Ce récit est à la fois troublant et parfaitement rassurant. Troublant car le narrateur se retrouve confronté à des situations pour lesquelles il est difficile de poser un jugement définitif, rassurant car ce flottement de la réalité, nous le connaissons tous plus ou moins dans notre vie de tous les jours. 

Solaro, personnage tout à fait banal dans les premières pages se révèle d'une innocente sincérité qui va le rendre non seulement suspect mais coupable aux yeux de ses congénères. Accusé de meurtre, il ne cherchera pas à se défendre et laissera plutôt son avocat, les témoins, l'avocat général, la présidente de la cour et surtout les jurés, décider seuls à partir de leurs représentations de ce que le narrateur pourrait être : un être insensible. 




"Il n'y a de société possible que parce qu'il y a des choses qu'il n'est pas possible d'accepter, des choses qu'il est même interdit d'accepter." A elle seule, cette citation résume l'ambition de ce récit.

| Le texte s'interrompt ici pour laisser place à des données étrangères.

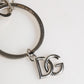 Dolce & Gabbana Silver DG Logo Key Holder Keychain Bag Charm Keyring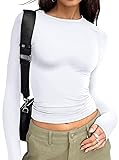Trendy Queen Womens Long Sleeve T Shirts Fall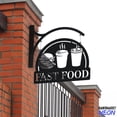 thumbnail image 4 of Handmadetneonsign Fast Food Hanging Sign, Burger Restaurant Outdoor Hanging Sign, Metal Business Sign 96702, 4 of 5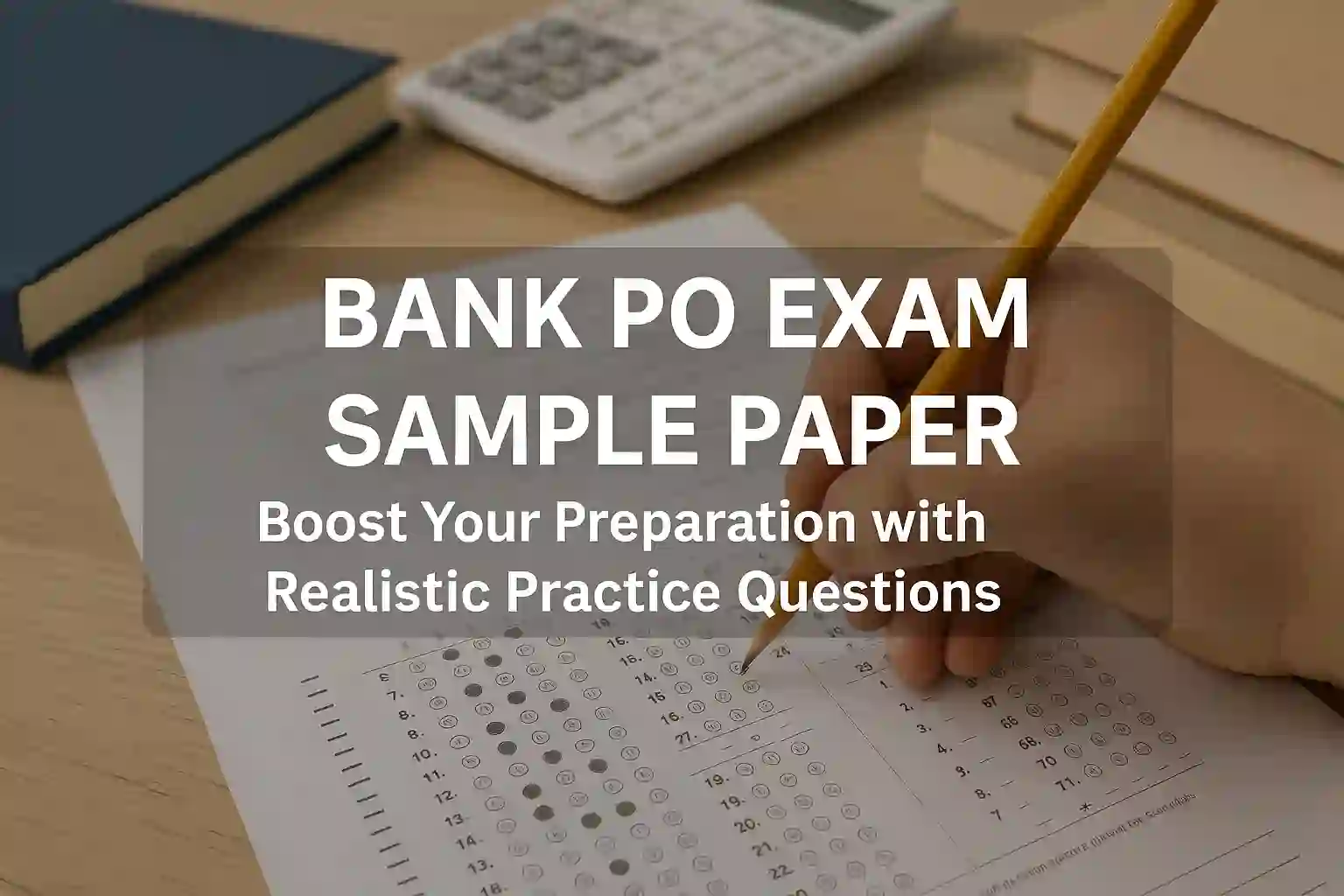 Bank PO Exam Sample Paper: Boost Your Preparation with Realistic Practice Questions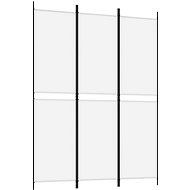 3dílný paraván bílý 150×200 cm textil - Room Divider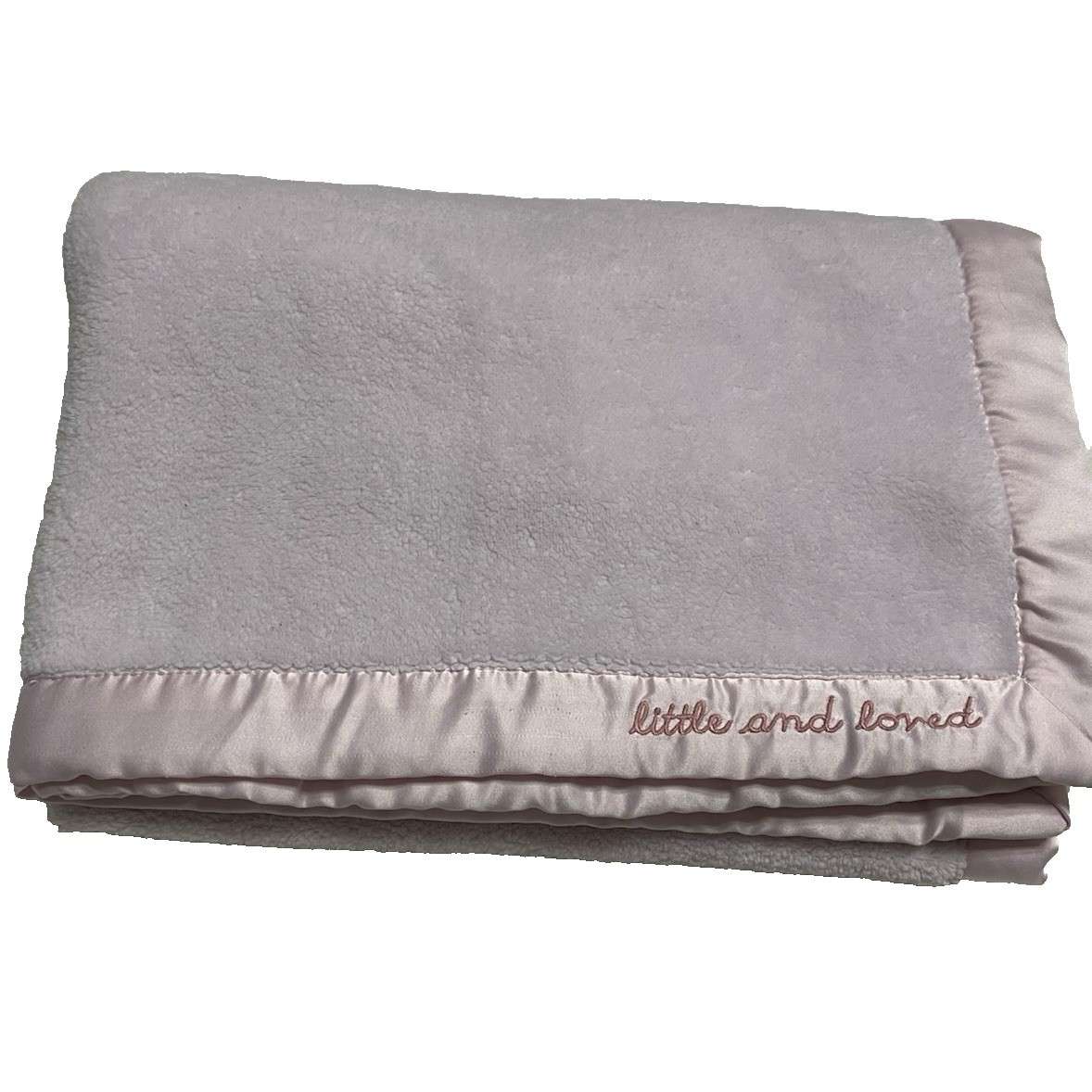 Carter's Little and Loved Pink Baby Lovey Security Blanket Matte Satin Trim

Alors que le narrateur connaît des circonstances successives que d'aucun qualifierait de spirale de l'échec, il demeure serein et mieux, continu de déguster les milles plaisirs du quotidien. Son stoïcisme face aux événements n'a d'égal que la philosophie qu'il pratique : Qu'est ce qui est aimable dans la présente situation ? Car ne nous y trompons pas, Solaro est plus un sphynx qu'un être passif qui serait dépourvu de volonté. 
Acceptes ce qui t'arrive, c'est le plus sûr moyen de cultiver la joie. Un stoïcisme fait de volonté et du refus de l'évidence au profit de la spontanéité en quelque sorte. 
Car la joie dont témoigne ici le narrateur se révèle un sentiment profond, intelligent et constructif qui donne des raisons d'aimer les situations les plus routinières. Les plus dramatiques aussi. C'est sans aucun doute cela qui donne à ce récit une clé de lecture du monde contemporain.